# [TASK TO CARRY OUT]
In the material below, find the line with "PA license plate MDB4329" and the line with "Map showing Venezuela — In South America". Output exactly those two lines and all lines between them, leaving out pictures.

# [SOURCE DATA]
┌────────
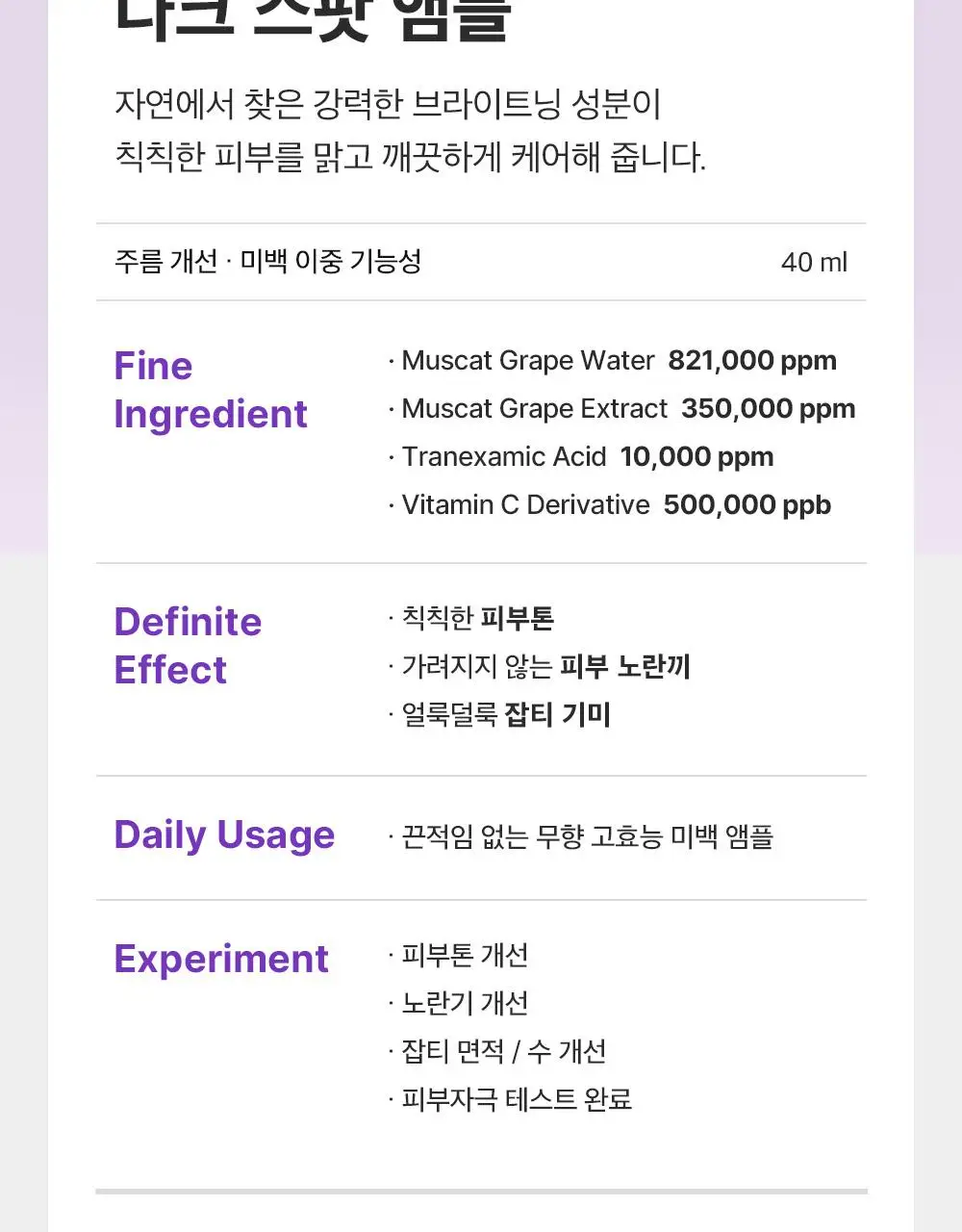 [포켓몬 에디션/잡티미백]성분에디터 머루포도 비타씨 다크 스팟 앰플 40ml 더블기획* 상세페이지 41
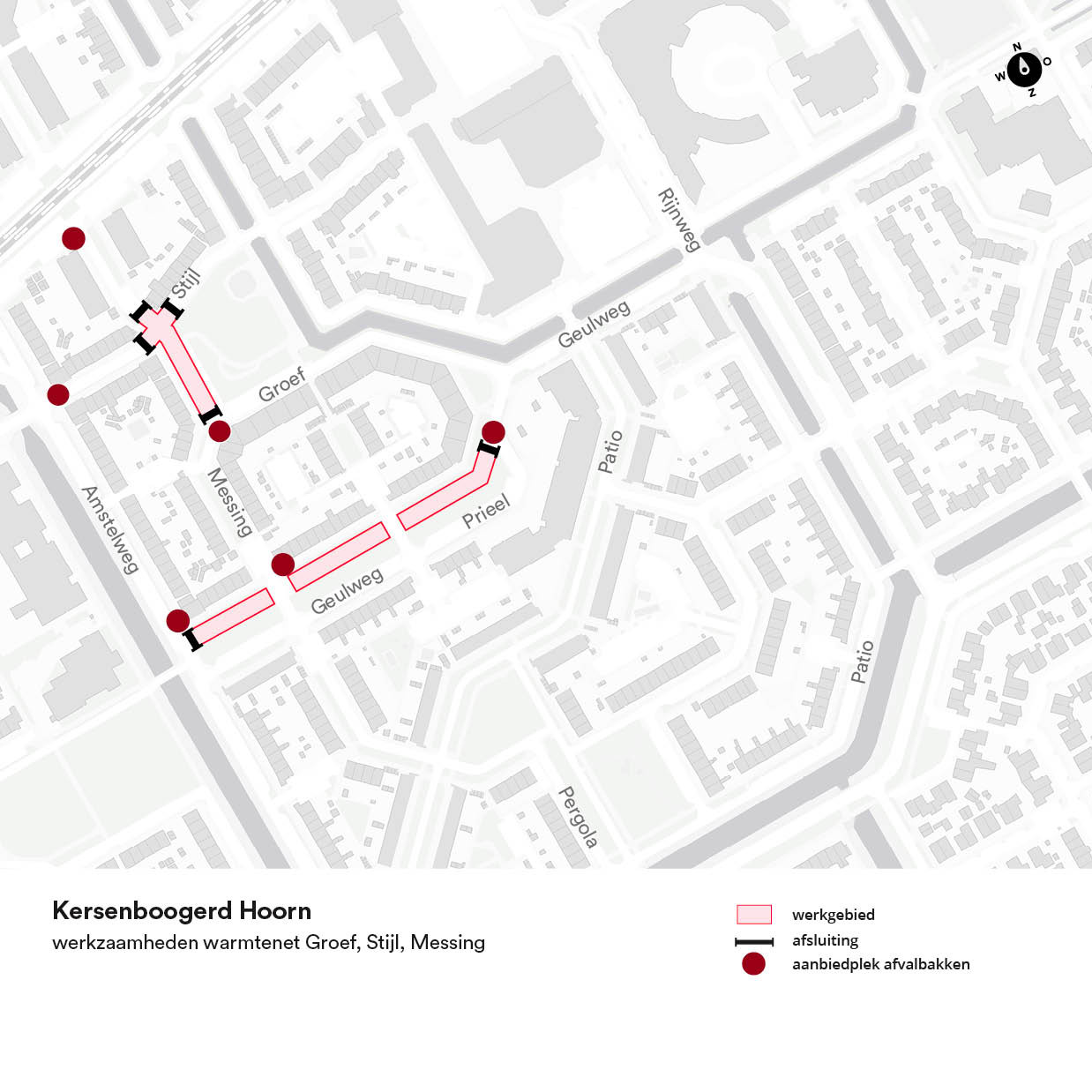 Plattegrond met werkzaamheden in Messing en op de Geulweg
└────────
┌────────
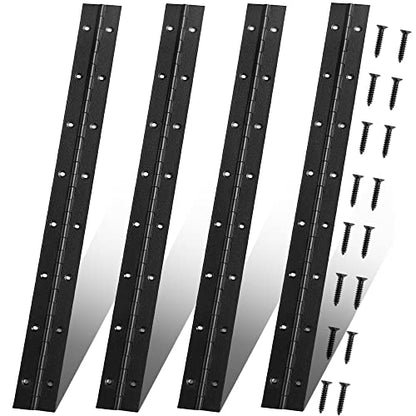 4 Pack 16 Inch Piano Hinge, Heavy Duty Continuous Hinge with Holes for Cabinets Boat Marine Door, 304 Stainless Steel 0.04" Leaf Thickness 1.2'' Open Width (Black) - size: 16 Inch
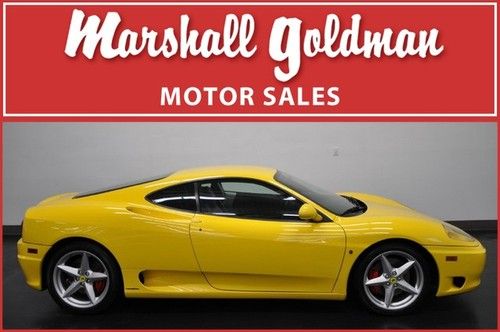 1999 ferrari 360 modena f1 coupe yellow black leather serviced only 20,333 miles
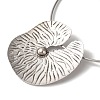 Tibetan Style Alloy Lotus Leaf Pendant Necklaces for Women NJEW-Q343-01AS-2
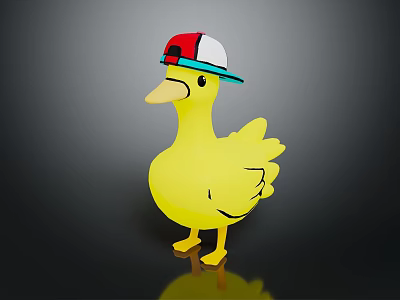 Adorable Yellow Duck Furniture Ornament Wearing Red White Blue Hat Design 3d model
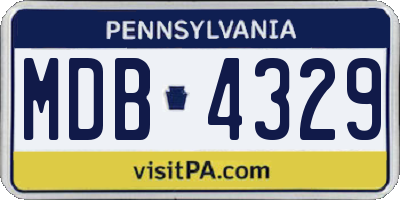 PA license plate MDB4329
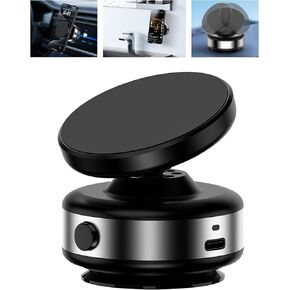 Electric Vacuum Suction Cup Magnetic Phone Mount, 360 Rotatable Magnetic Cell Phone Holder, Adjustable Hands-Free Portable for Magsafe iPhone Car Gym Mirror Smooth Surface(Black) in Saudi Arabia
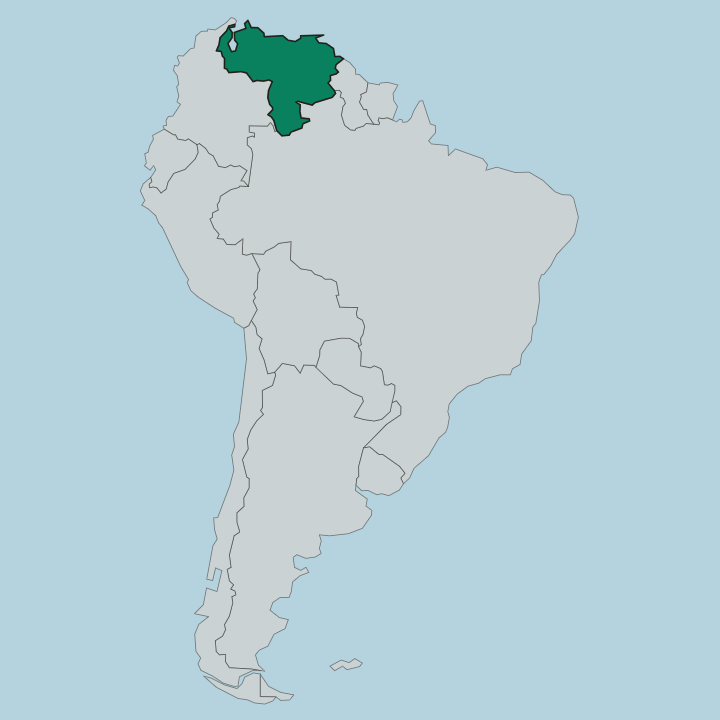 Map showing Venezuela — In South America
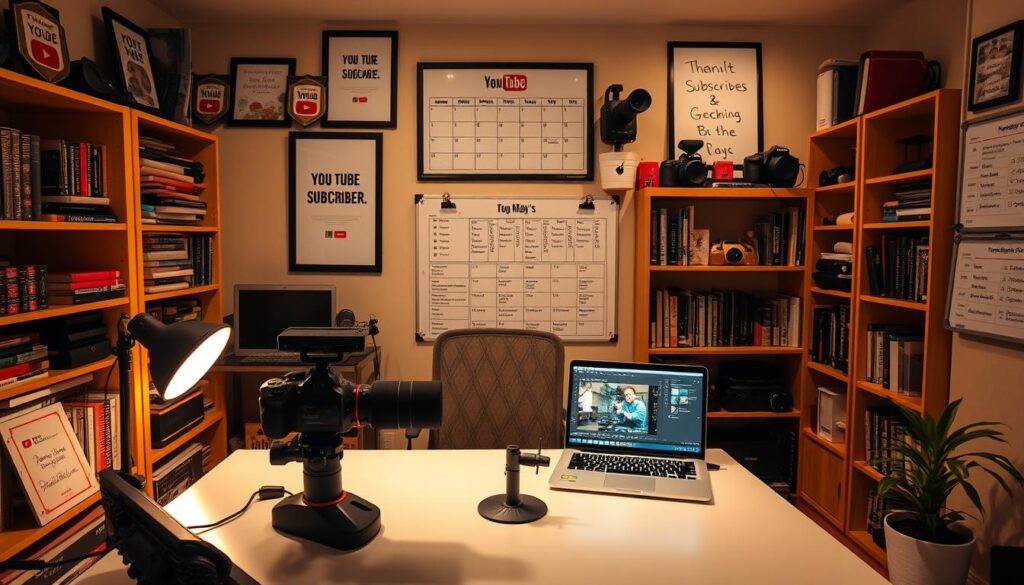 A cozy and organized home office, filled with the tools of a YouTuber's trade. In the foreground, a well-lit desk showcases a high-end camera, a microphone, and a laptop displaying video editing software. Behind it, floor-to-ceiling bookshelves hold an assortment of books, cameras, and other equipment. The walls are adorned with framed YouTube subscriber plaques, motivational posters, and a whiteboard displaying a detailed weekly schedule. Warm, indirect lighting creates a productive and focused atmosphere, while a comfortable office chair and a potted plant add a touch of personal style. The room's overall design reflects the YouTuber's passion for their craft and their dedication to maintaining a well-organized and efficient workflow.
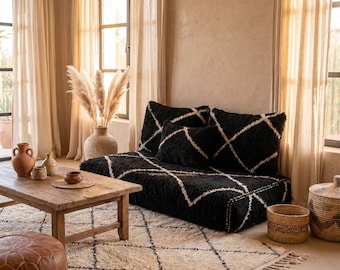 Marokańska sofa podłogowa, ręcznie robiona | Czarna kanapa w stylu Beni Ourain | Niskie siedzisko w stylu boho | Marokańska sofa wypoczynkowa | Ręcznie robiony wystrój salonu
└────────
# [REPLY TO THE EXERCISE]
 PA license plate MDB4329
 Electric Vacuum Suction Cup Magnetic Phone Mount, 360 Rotatable Magnetic Cell Phone Holder, Adjustable Hands-Free Portable for Magsafe iPhone Car Gym Mirror Smooth Surface(Black) in Saudi Arabia
 Map showing Venezuela — In South America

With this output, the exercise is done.